Moving

I have moved several times in the past few years.  Moving is a pain!  While normally I like making decisions, the decisions involved in moving were not fun.  What to move…what to throw away…what to give away?  I’m an ESTJ, known to be organized and willing to make decisions.  But moving, well, moving is different. 

I have never been one of those people who sorts their closet twice a year getting rid of anything they haven’t worn in the past year.  I have numerous sizes of black pants, just in case.  I have my prom dresses (from nearly 50 years ago), just in case I ever have grandkids who want to play dress up. 
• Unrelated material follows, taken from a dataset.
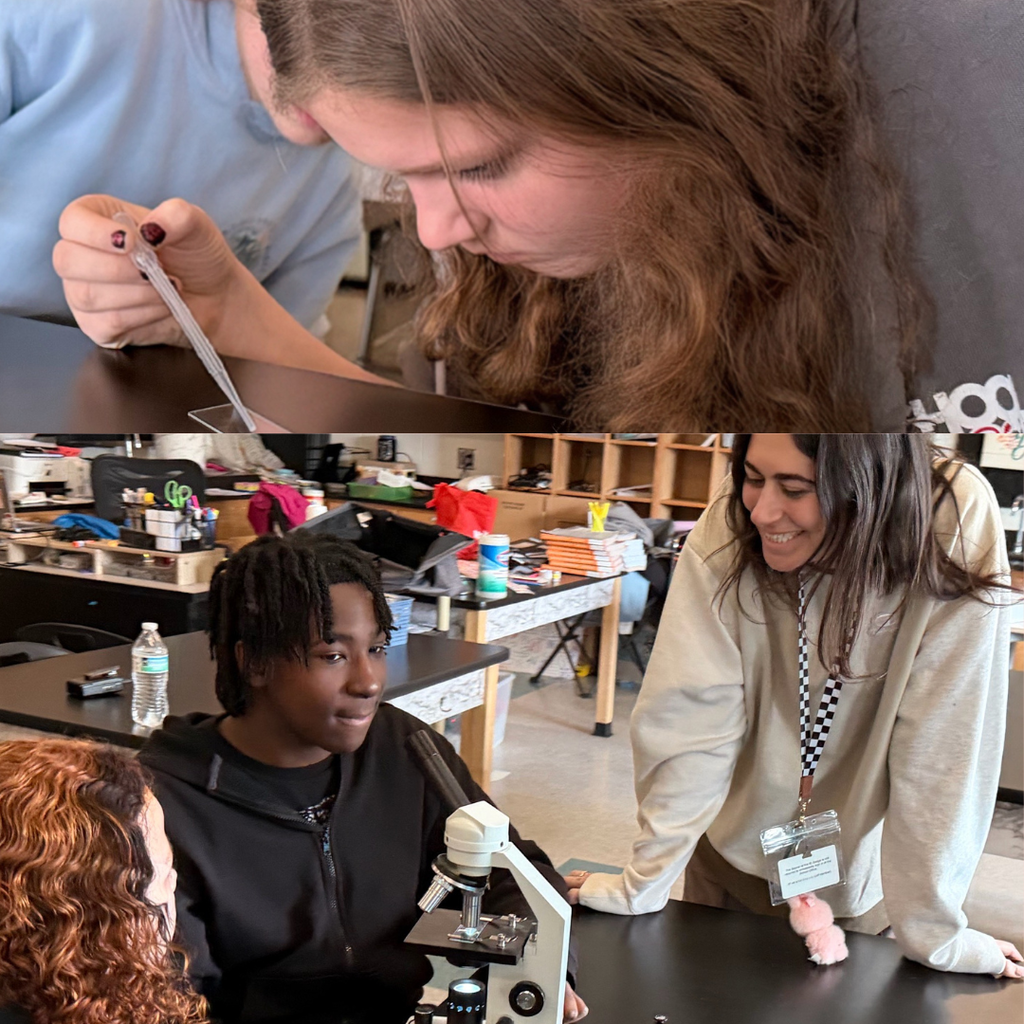 students with teacher in science class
What I discovered in moving was how wonderful friends are for helping.  Through their eyes I could see the foolishness of moving multiple boxes of rags when only one box was needed. 
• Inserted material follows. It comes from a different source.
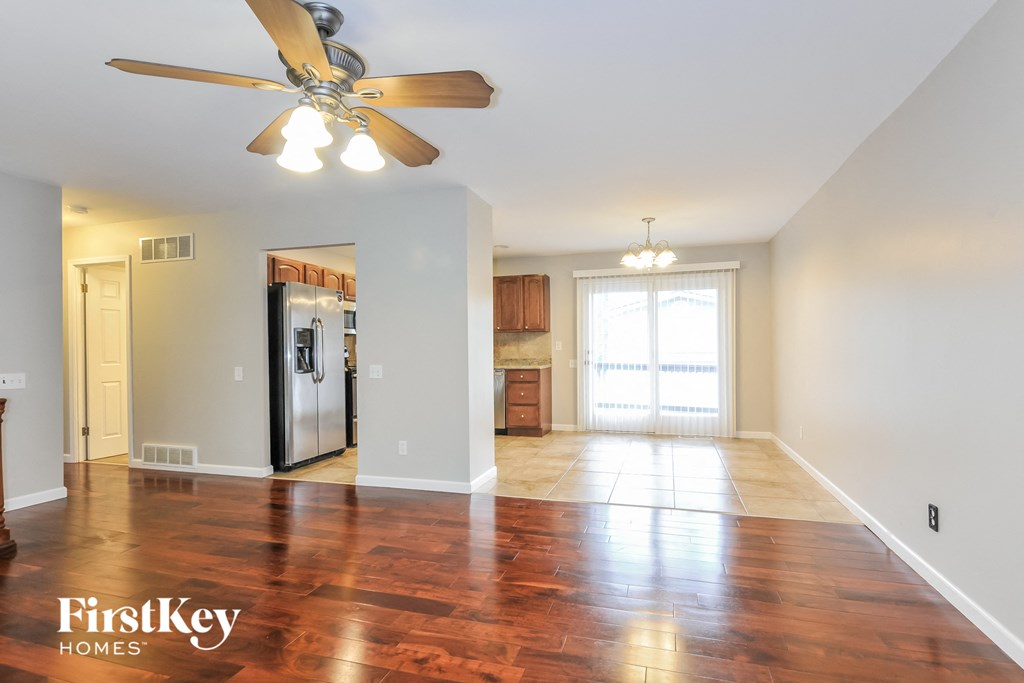 A spacious room with a wood floor and a ceiling fan.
They did not stop and reminisce over clothing worn for special events, cherished books whose plot lines I loved, special knick knacks acquired on trips, etc.   They simply packed every cupboard I assigned them. Occasionally they would stop, hold up a broken something or a particularly unattractive something, and inquire.  They were right…toss it.

I did ask a relative, a librarian, how to handle books.  She said there are three categories of books to hang on to.  One, first editions – okay, I have none.  Second, books needed for your profession.  Oh dear, I have tons, although the word “need” is open to interpretation at times.  Third, highly sentimental books such as your first reader.  I did finally give away my set of Laura Ingalls Wilder books. 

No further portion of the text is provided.